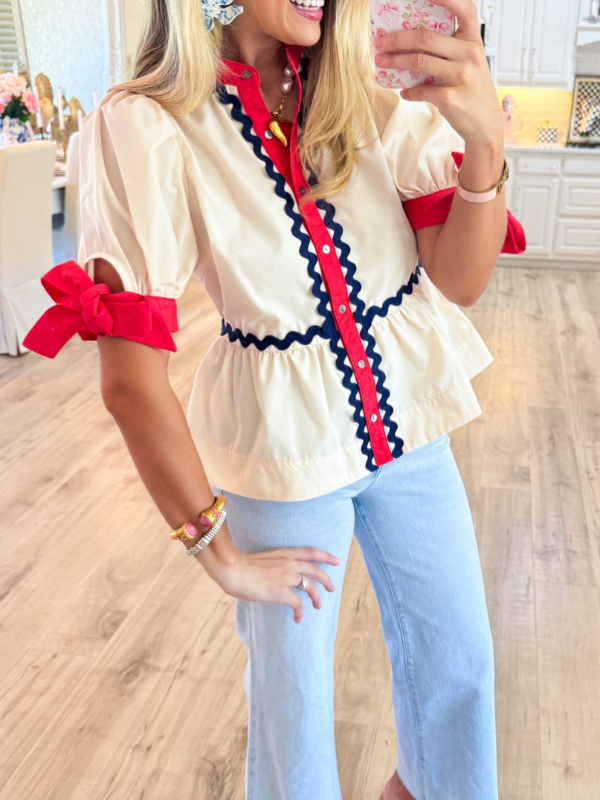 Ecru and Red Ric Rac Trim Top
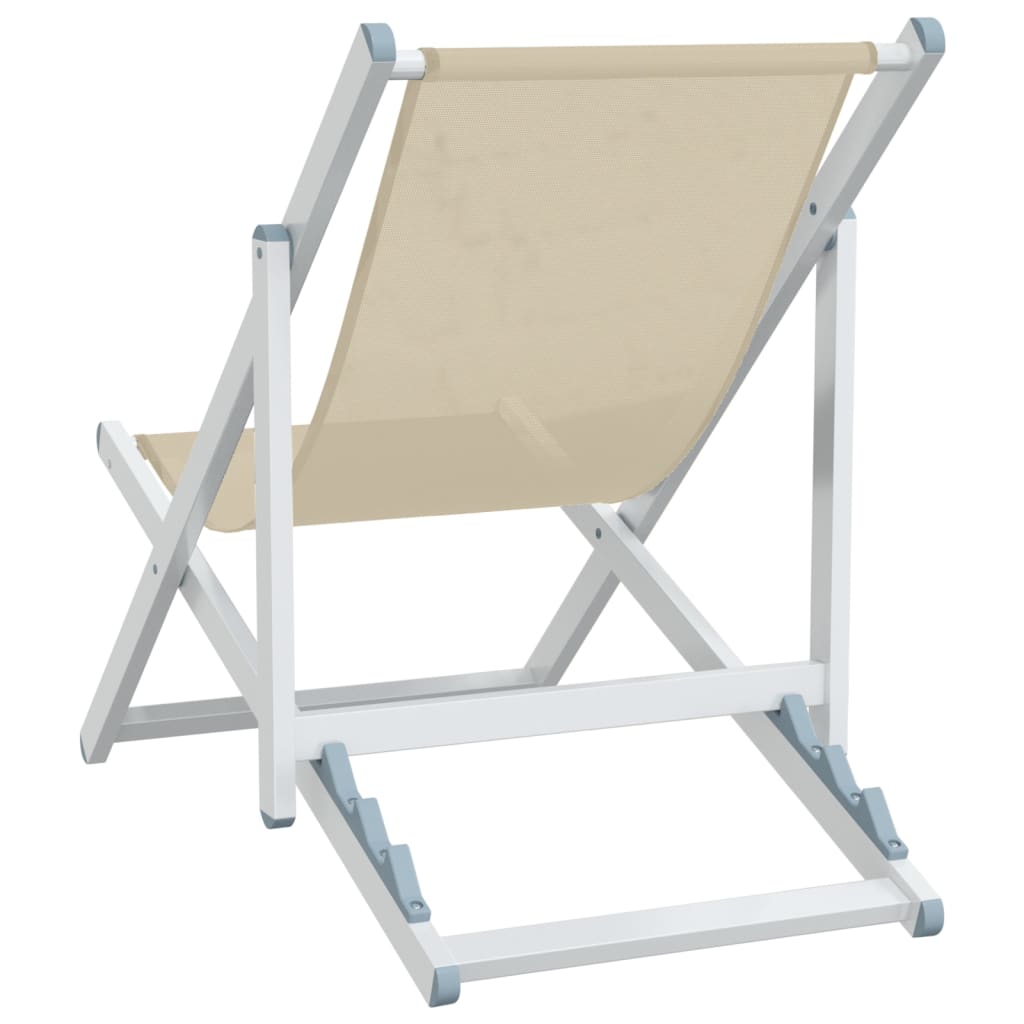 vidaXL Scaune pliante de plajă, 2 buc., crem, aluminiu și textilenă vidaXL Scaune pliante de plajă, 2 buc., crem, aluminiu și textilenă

_ _ _ _

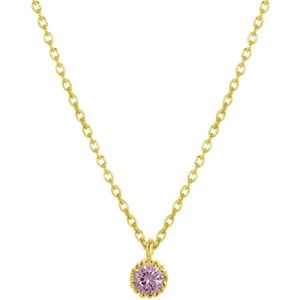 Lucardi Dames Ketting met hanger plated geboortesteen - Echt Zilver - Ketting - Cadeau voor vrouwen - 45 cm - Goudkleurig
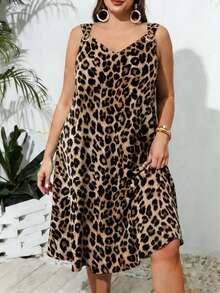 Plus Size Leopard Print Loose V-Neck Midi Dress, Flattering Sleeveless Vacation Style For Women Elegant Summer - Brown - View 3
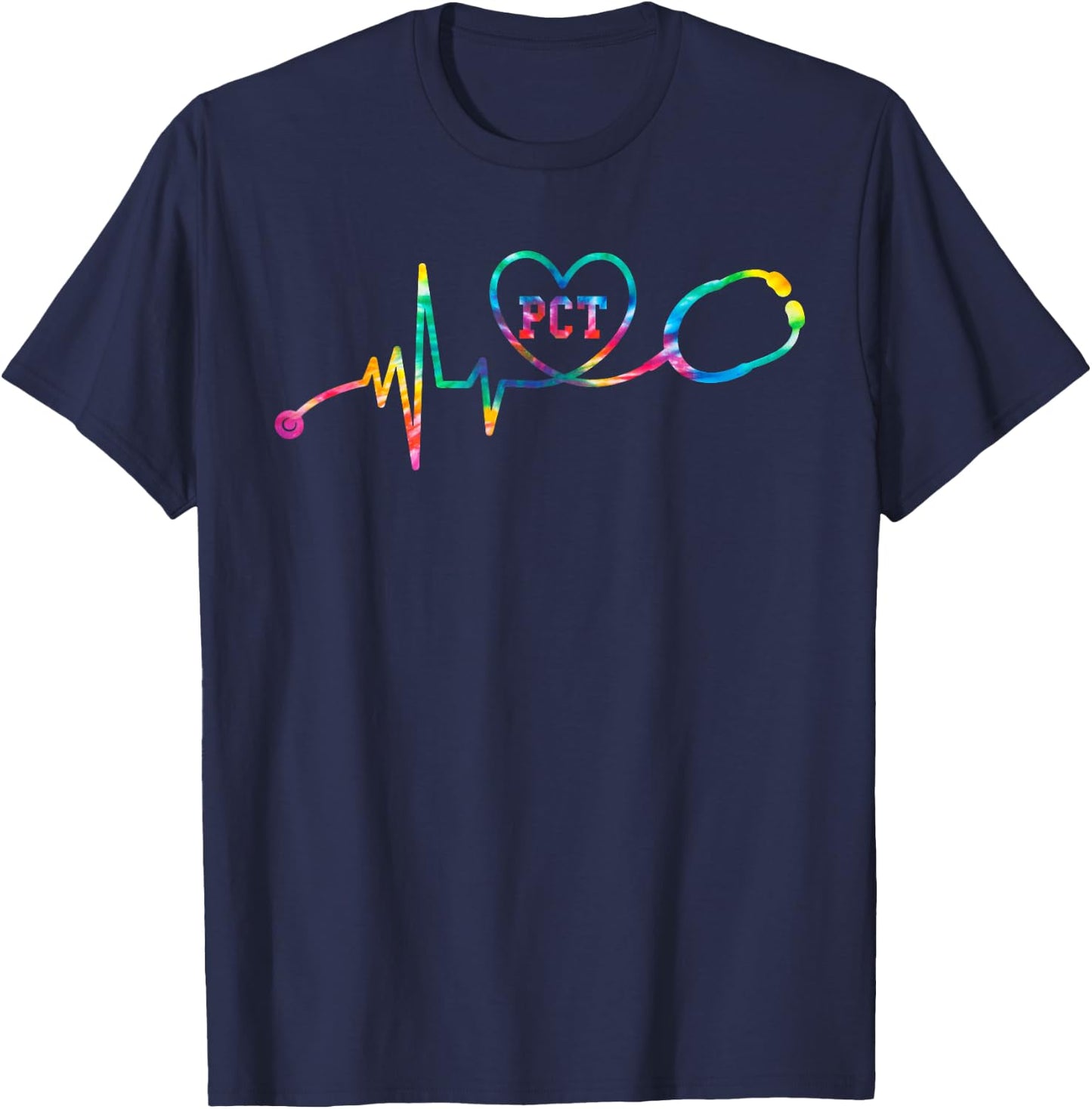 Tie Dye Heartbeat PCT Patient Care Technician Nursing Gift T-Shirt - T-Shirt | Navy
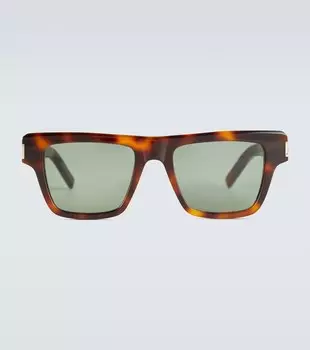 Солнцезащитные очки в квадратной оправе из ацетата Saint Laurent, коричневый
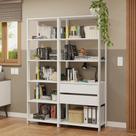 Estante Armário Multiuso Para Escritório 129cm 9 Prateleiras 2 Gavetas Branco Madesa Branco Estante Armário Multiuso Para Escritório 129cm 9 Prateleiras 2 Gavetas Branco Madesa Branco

_ _ _ _

◆ **YOUR GOAL**: In the entries above, find the line containing "Ecru and Red Ric Rac Trim Top" and the line containing "și textilenă vidaXL"; give again exactly those two lines and every line between them, minus the pictures.

◆ **EXERCISE RESULT**:
 Ecru and Red Ric Rac Trim Top
 vidaXL Scaune pliante de plajă, 2 buc., crem, aluminiu și textilenă vidaXL Scaune pliante de plajă, 2 buc., crem, aluminiu și textilenă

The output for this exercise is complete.